GIVEN MATERIAL Block Start

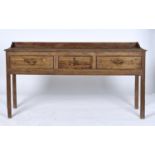 A GEORGE III PINE DRESSER BASE, C1800, WITH SHALLOW THREE QUARTER UPSTAND, THE FRONT WITH MOULDED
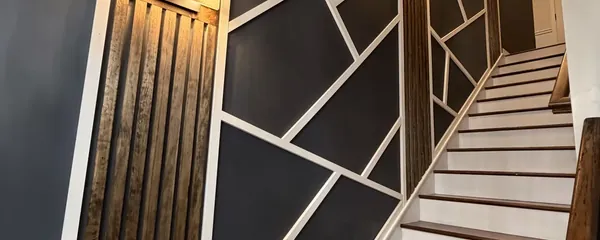 Slat accent wall fitted along a staircase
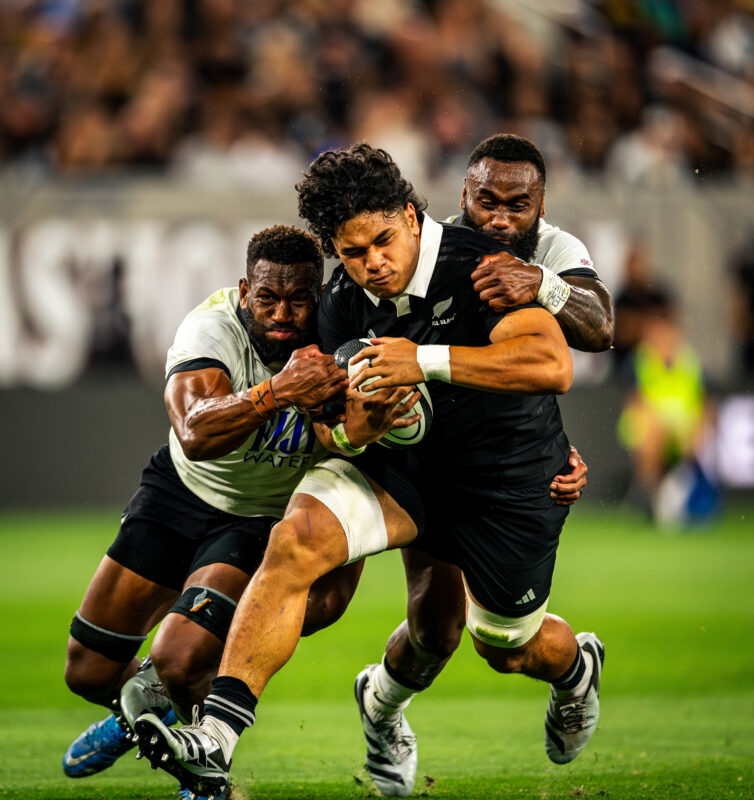 New Zealand All Blacks Wallace Sititi playing against Fiji Rugby at Snapdragon Stadium in San Diego California. Professional sports action photography. High-impact commercial sports imaging for team branding.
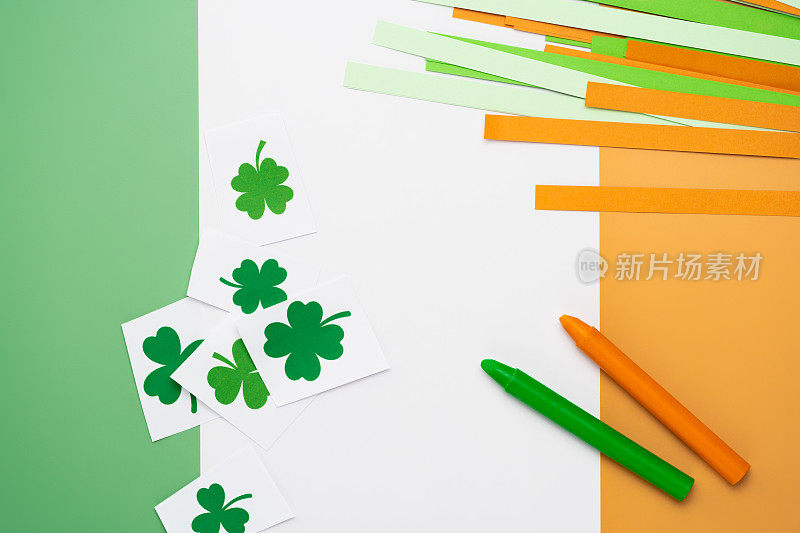 爱尔兰国旗由彩色纸剪出三叶草和蜡笔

GIVEN MATERIAL Block End

## EXERCISE REQUIREMENTS:
Without including any picture, reproduce the material above word for word.

## EXPECTED ANSWER:
 A GEORGE III PINE DRESSER BASE, C1800, WITH SHALLOW THREE QUARTER UPSTAND, THE FRONT WITH MOULDED
 Slat accent wall fitted along a staircase
 New Zealand All Blacks Wallace Sititi playing against Fiji Rugby at Snapdragon Stadium in San Diego California. Professional sports action photography. High-impact commercial sports imaging for team branding.
 爱尔兰国旗由彩色纸剪出三叶草和蜡笔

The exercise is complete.